- TASK:
From the records that follow, return exactly the lines beginning at the one that contains "Chardonnay LED Semi-Flush" and ending at the one that contains "See You Monday Pink Mini Dress", pictures left out.

- PROVIDED RECORDS:
★ ★ ★ ★ ★ ★ ★

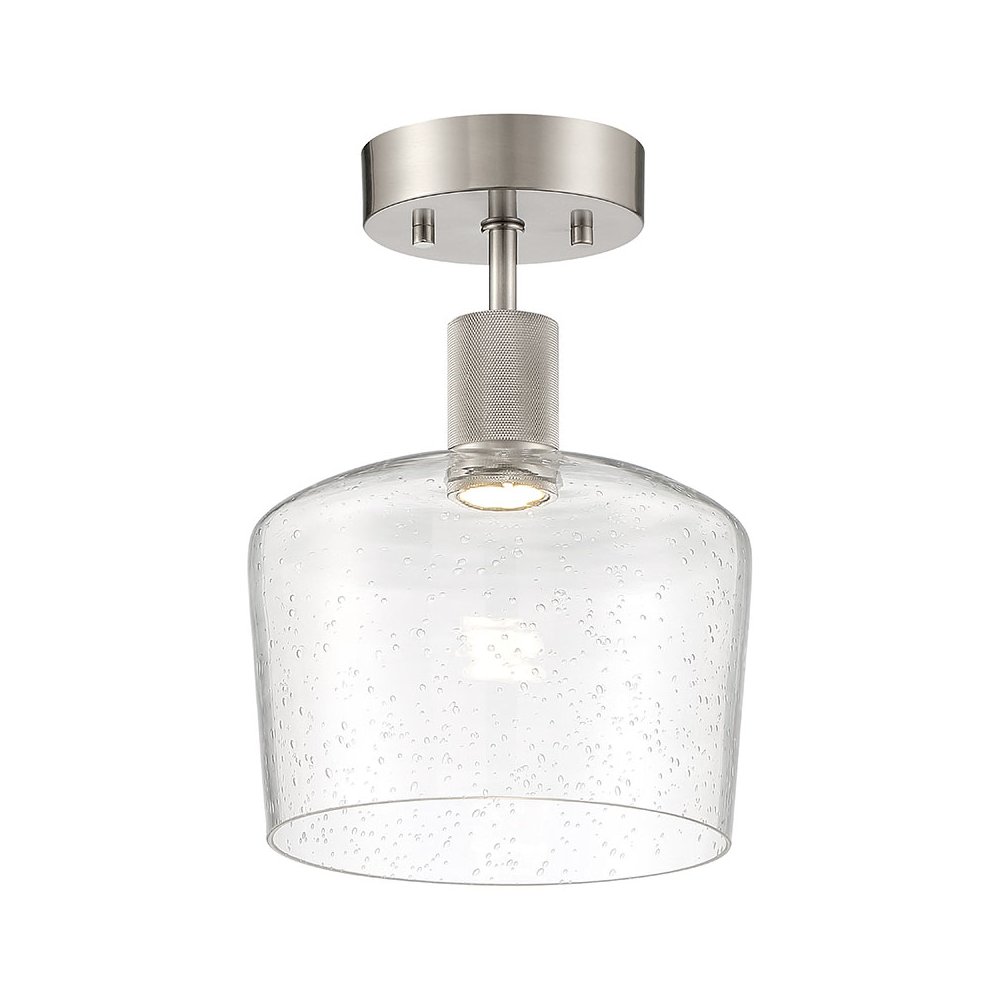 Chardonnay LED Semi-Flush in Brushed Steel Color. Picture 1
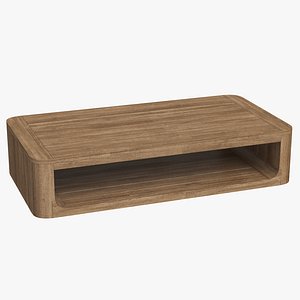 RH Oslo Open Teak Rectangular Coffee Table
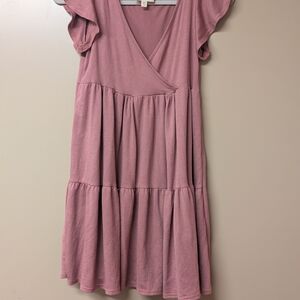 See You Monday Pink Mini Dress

★ ★ ★ ★ ★ ★ ★

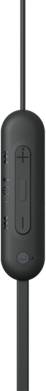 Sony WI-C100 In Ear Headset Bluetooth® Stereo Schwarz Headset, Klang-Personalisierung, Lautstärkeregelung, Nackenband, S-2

★ ★ ★ ★ ★ ★ ★

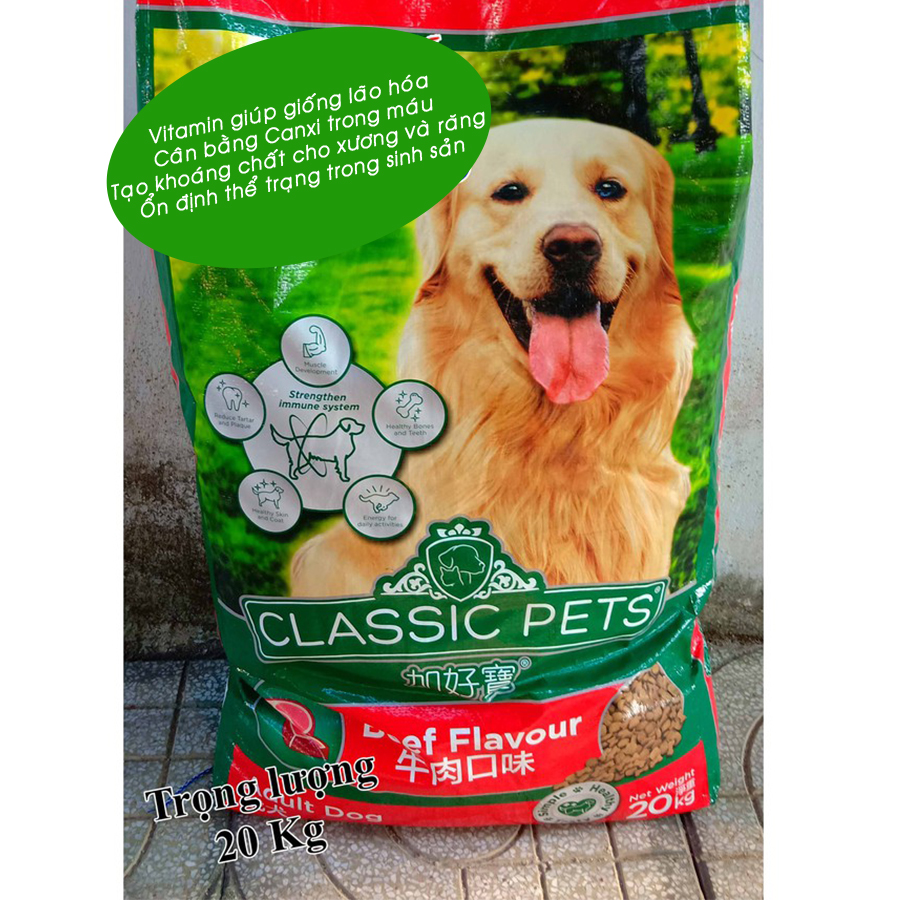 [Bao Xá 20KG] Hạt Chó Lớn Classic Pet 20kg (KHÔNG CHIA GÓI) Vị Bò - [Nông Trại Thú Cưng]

★ ★ ★ ★ ★ ★ ★

- RESULT OF THIS TASK:
 Chardonnay LED Semi-Flush in Brushed Steel Color. Picture 1
 RH Oslo Open Teak Rectangular Coffee Table
 See You Monday Pink Mini Dress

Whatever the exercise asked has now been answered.